DIRECTIONS FOR THIS TASK:
Leave the pictures out. Retype exactly the lines below from the one containing "Here we have" through the one containing "One of those", and no others.

☆ ☆ ☆ ☆ ☆ ☆ ☆

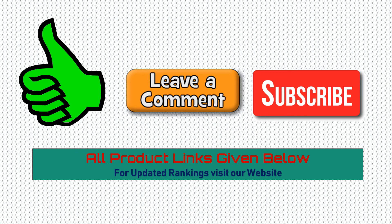Please like, comment, and subscribe to our channel. All product links are given below. For updated rankings, visit our website.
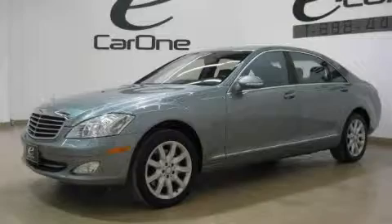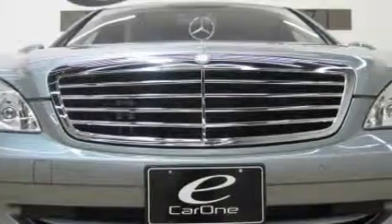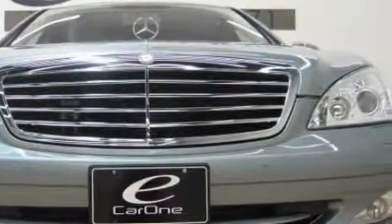It features a 5.5-liter 8-cylinder engine and an automatic transmission. This vehicle won't last long at this price. Call and arrange a test drive now.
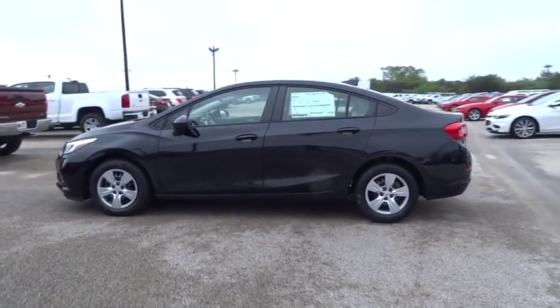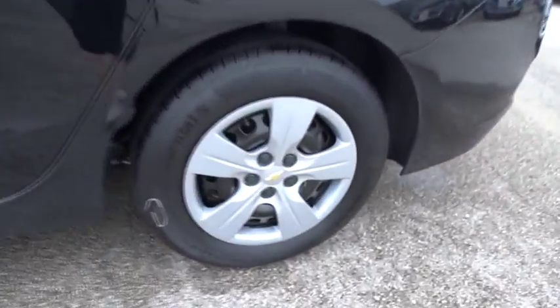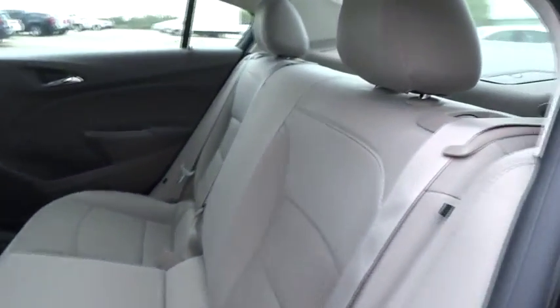Floor mats, AM-FM stereo radio, rear defrost, front-wheel drive, MP3 player, bucket seat, power windows, power door locks, security systems, passenger airbags.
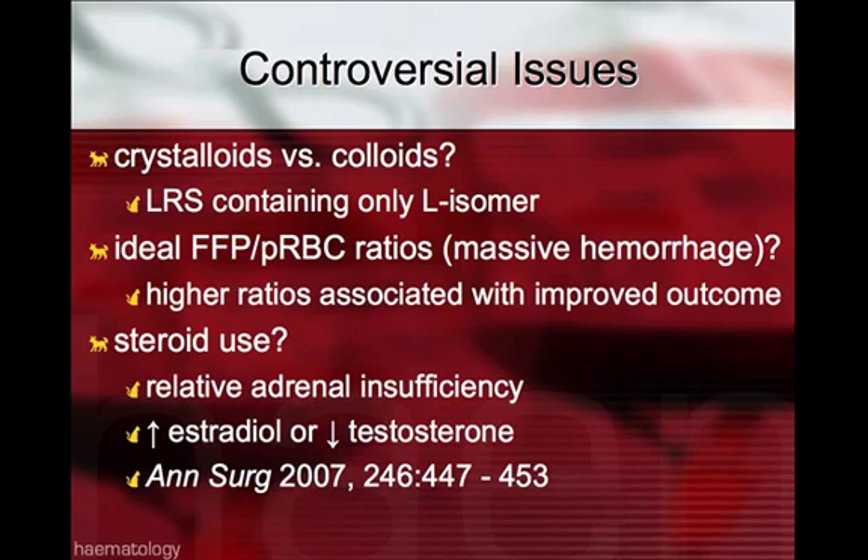With controversial issues in shock, the debate of whether crystalloids or colloids are advantageous is still ongoing — there is no clear cut answer, and the military currently uses 6% hetastarch as their main fluid of choice. The literature currently suggests that LRS containing only the L-isomer may be beneficial. Other controversies include the ideal fresh frozen plasma to packed red blood cell ratio in massive hemorrhage. Higher ratios are associated with improved outcomes, and human medicine is moving toward a ratio of 1:1 or 1:2, rather than one FFP to every 5-6 packed red blood cell transfusions.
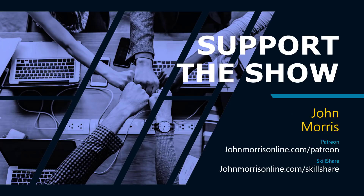That'll do it. Hopefully you got something out of that. If you'd like to support the show, visit johnmorrisonline.com/Patreon for access to all my courses and source code. You can also get access to all my courses at johnmorrisonline.com/Skillshare, which includes a two-month free trial. Thanks for listening — we'll talk to you next time.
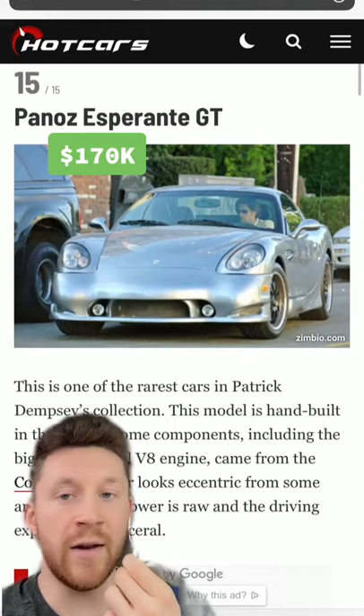Mr. Dempsey starts it off with a pretty dang rare Panaz Esperante GT. I really like the look, but like the uniqueness.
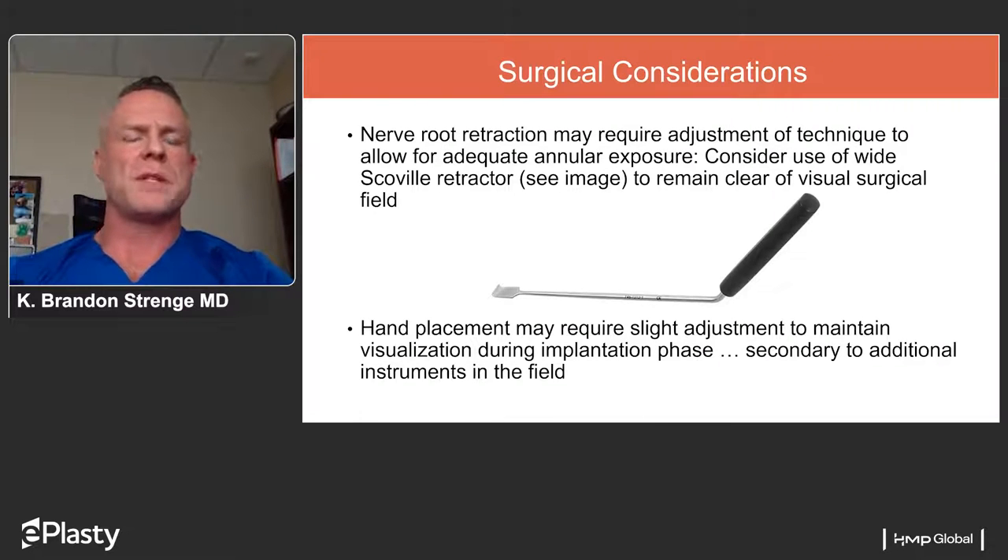Regarding the surgical procedure, an example of one of the nerve retraction tools used is the Scoville retractor — a somewhat wider nerve root retractor that provides a little more safety when implanting the device and maintaining a clear visual field. Other challenges include maintaining visualization, and this tool helps as the device is placed. An excellent video follows showing the entire procedure from start to finish, recorded by Dr. Musascio, covering both the discectomy procedure itself and the implantation of the Barricade device.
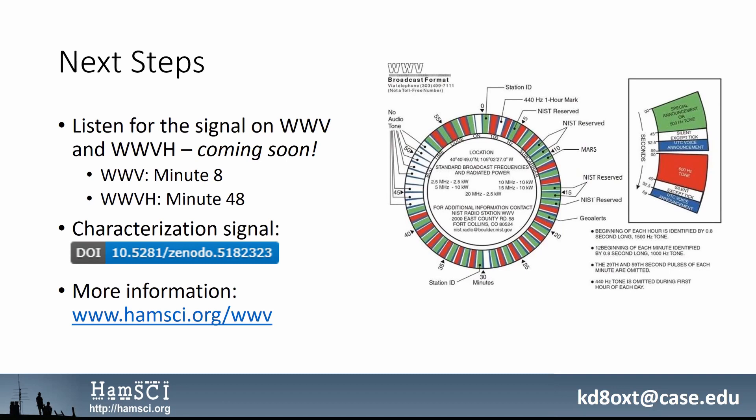You can tune in to minute 8 or minute 48 and hear some of these test signals. So keep an eye on the website, keep an eye on the HAMSCI listserv — watch this space. There should be some interesting things coming up for ways that we can continue our work with NIST and WWV and WWVH. Thanks very much for your time, and if you have any questions on the working group, please send me an email at this address. 73.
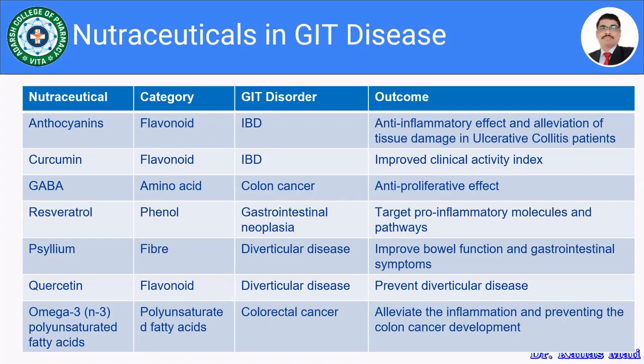Here we have finished the health benefits of nutraceuticals in the management of certain chronic diseases like diabetes, cardiovascular disease, cancer, inflammatory bowel disease, and gastrointestinal diseases. Thank you for watching, folks.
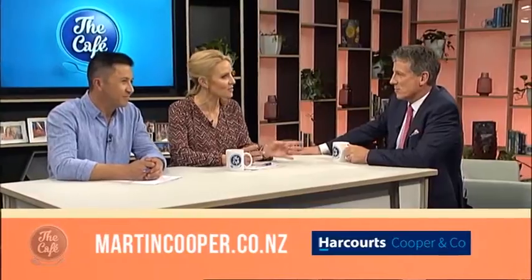Back on the cafe this morning is Martin Cooper, Managing Director of Harcourt's Cooper & Co. Welcome, Martin. Good morning. So today, there's been a bit of press recently about apartment and housing projects being cancelled. So what are your top tips for buying off a new build off-plans?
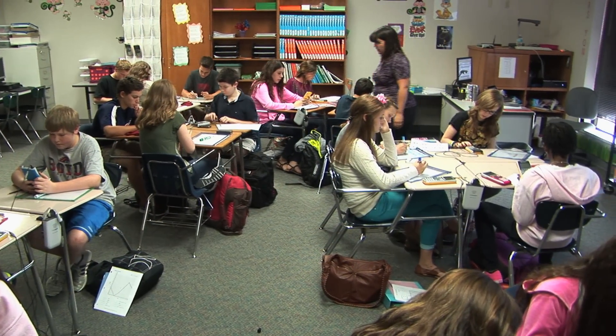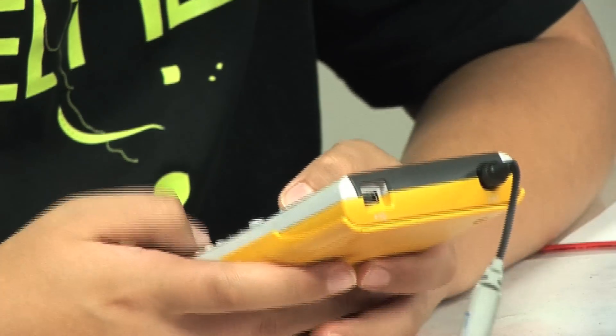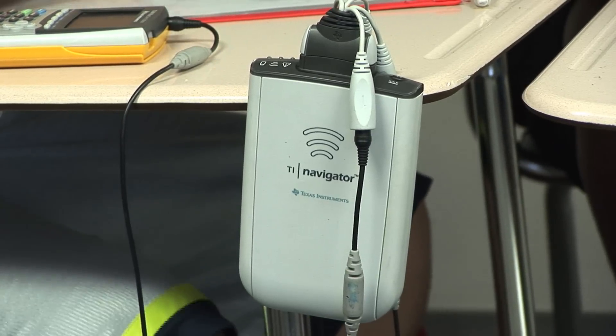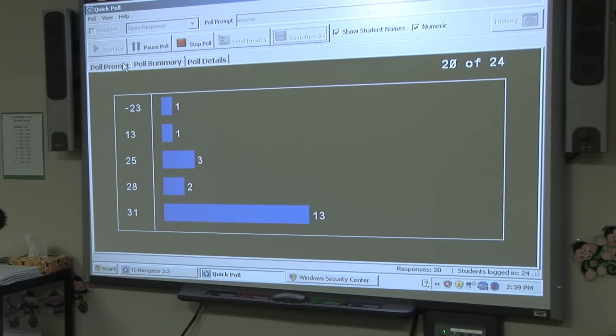One of those innovative uses of technology involves sophisticated data collection through the use of a calculator. I have the TI Navigator system where the students actually plug in their calculators and they log on as themselves. Throughout the lesson, I'll have them type in their answers and send them to me.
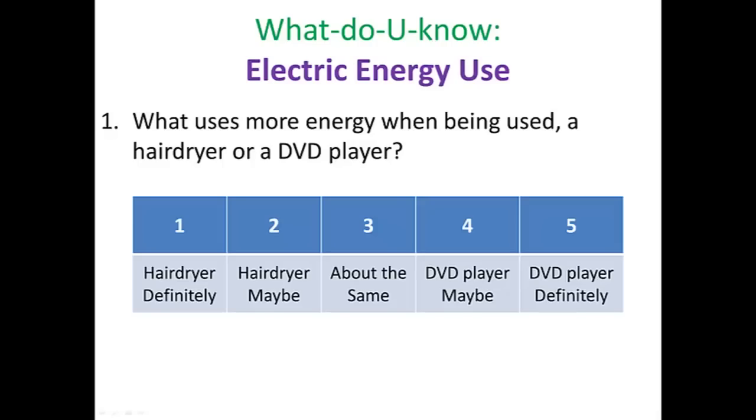Alright scholars, thanks for tuning in again. Got a question for you: what uses more energy when being used — a hair dryer or a DVD player? Pause the video and write down your answer choice on your electric power notes page.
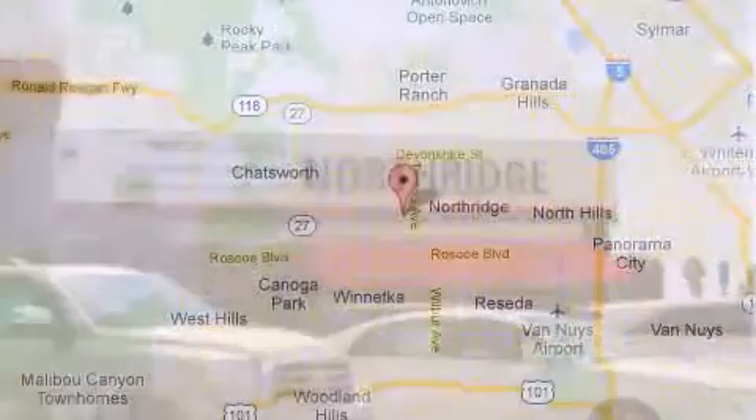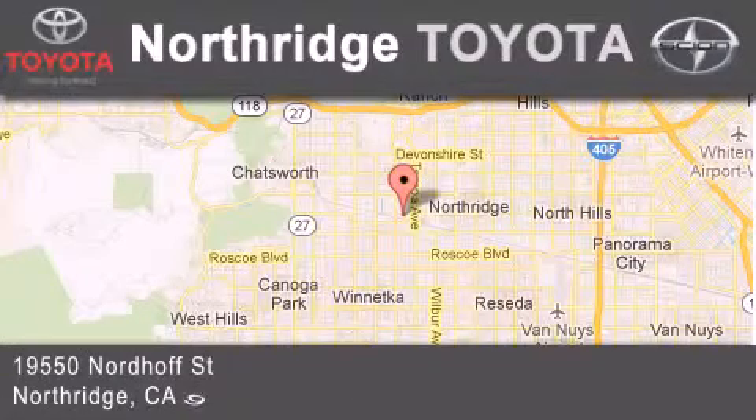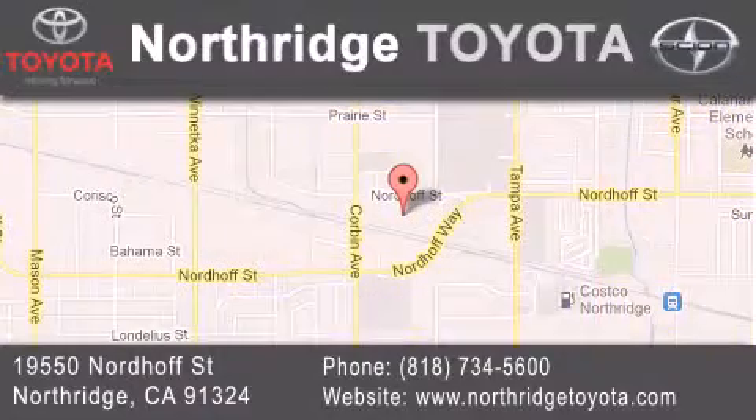If you have any questions, please visit our website, give us a call, or stop by our dealership. Located at 19550 Nordiff Street in Northridge, across the street from Northridge Fashion Center.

☆ ☆ ☆ ☆ ☆ ☆ ☆

WRITTEN RESPONSE:
Here we have finished the health benefits of nutraceuticals in the management of certain chronic diseases like diabetes, cardiovascular disease, cancer, inflammatory bowel disease, and gastrointestinal diseases. Thank you for watching, folks.
Back on the cafe this morning is Martin Cooper, Managing Director of Harcourt's Cooper & Co. Welcome, Martin. Good morning. So today, there's been a bit of press recently about apartment and housing projects being cancelled. So what are your top tips for buying off a new build off-plans?
One of those innovative uses of technology involves sophisticated data collection through the use of a calculator. I have the TI Navigator system where the students actually plug in their calculators and they log on as themselves. Throughout the lesson, I'll have them type in their answers and send them to me.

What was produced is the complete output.